Effective quality management requires hard work, continuous hard work. It needs demonstrable commitment, a planned and systematic approach to delivering quality goods and services today and every day. While also satisfying the requirements of your accreditation body and equally, if not more important, the ever-increasing expectations of excellence your customers will demand. It will require clear plans, structured in an organised manner, promoting continuous improvement and customer satisfaction. Any Quality Management System should lean easily to performance measurement and monitoring criteria. Valuable data may become buried by complex reporting and bureaucratic procedures. The system should also identify and remove variation while being conscious and reactive to business growth and market change. The management should control the Quality Management System and not the other way round, which is sadly the case for some organisations.
Ask yourself one simple question, is your QMS designed to promote improvement or merely to satisfy certification? (lip service)
For those embarking on the ISO 9001 road to QMS...
Successfully implementing ISO 9001:2015 to its sincerest intent often gives the following advantages:
•A more efficient, effective operation and use of resources
•Enhanced customer satisfaction and especially important customer retention and loyalty
•Mutually beneficial supplier relationships
•Enhanced reputation
•Enhanced marketing
•Improve employee engagement
•Promote international trade
•Maintain and Increases profit
•Reduce waste and increase productivity
•Improve internal and external communications
A more simplistic view of a quality management system could be explained as;
1.Quality System = Vehicle
2.Quality Management = Driver
3.Quality Policy = The Road Map
A Quality Management System based solely on ISO 9001 should be considered the minimum requirement.
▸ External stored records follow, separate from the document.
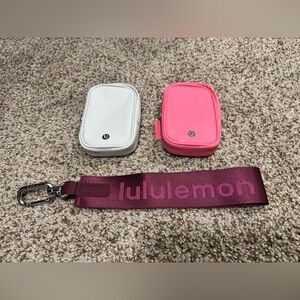 Lululemon accessories set pouches and keychain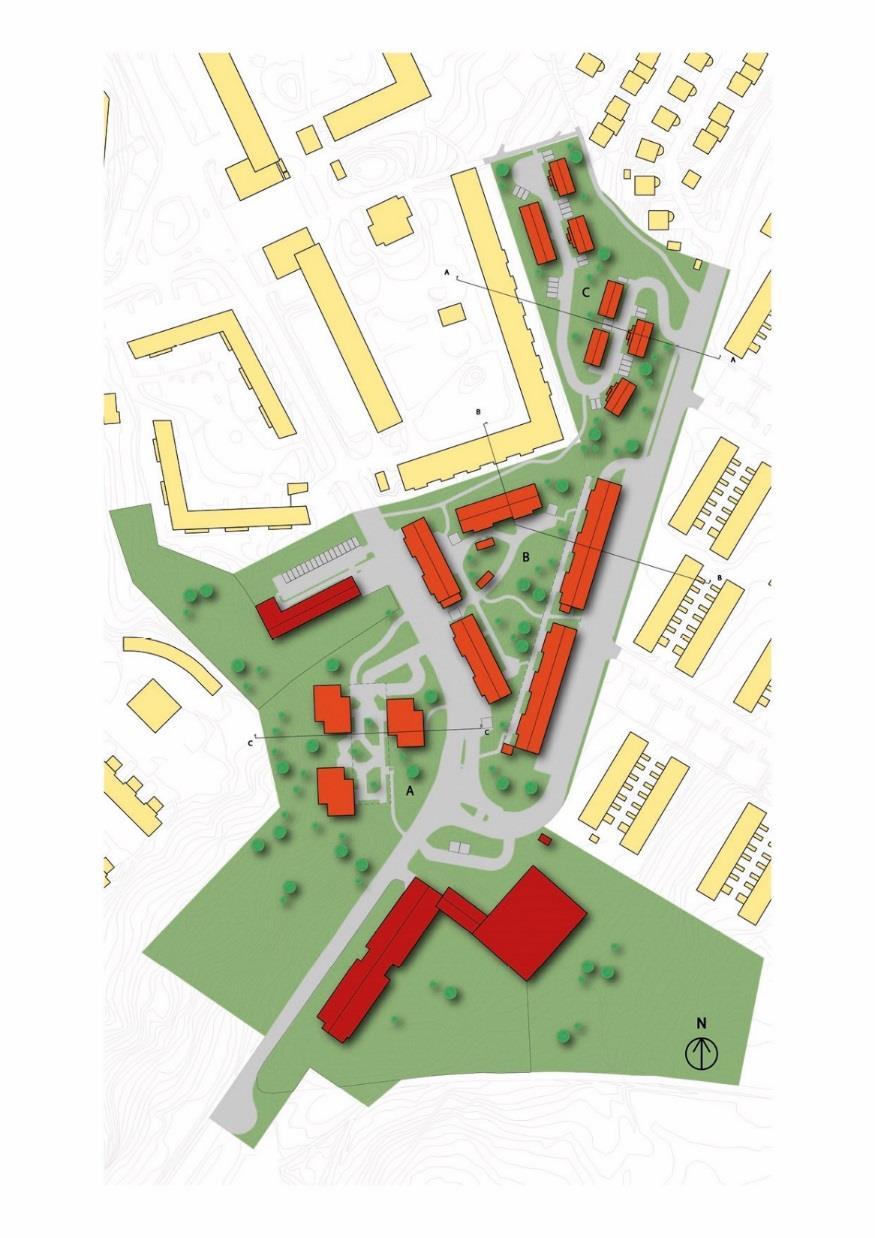 Område C Område C sträcker sig mellan Robertshöjdsgatan och mellan den befintliga småhusbebyggelsen och de befintliga flerbostadshusen.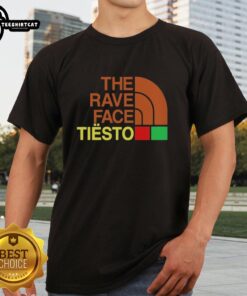 Alt Text: Official The Rave Face Tiesto T-Shirt featuring vibrant graphics and a stylish design perfect for music fans.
The development of procedures, instructions, process maps, etc., will have, for the best part, a beneficial effect on the organisation's performance.
Pre ISO 9001-2015 standards perhaps suffered from being excellent at telling you where you have performed poorly. However, less able to enforce strong leadership and commitment to improvement at all levels. This less than perfect situation often occurs where an organisation grows to a level where it feels compelled to employ a token quality manager, who has little influence over the top management. Often these token quality managers' roles are to maintain certification with the minimum of fuss to production. Time will tell if organisations remain able to abuse the true nature of the standard, purely because the CEO wishes an ISO 9001:2015 accreditation certification hanging on his wall with minimal cost and upheaval to the current running of the business.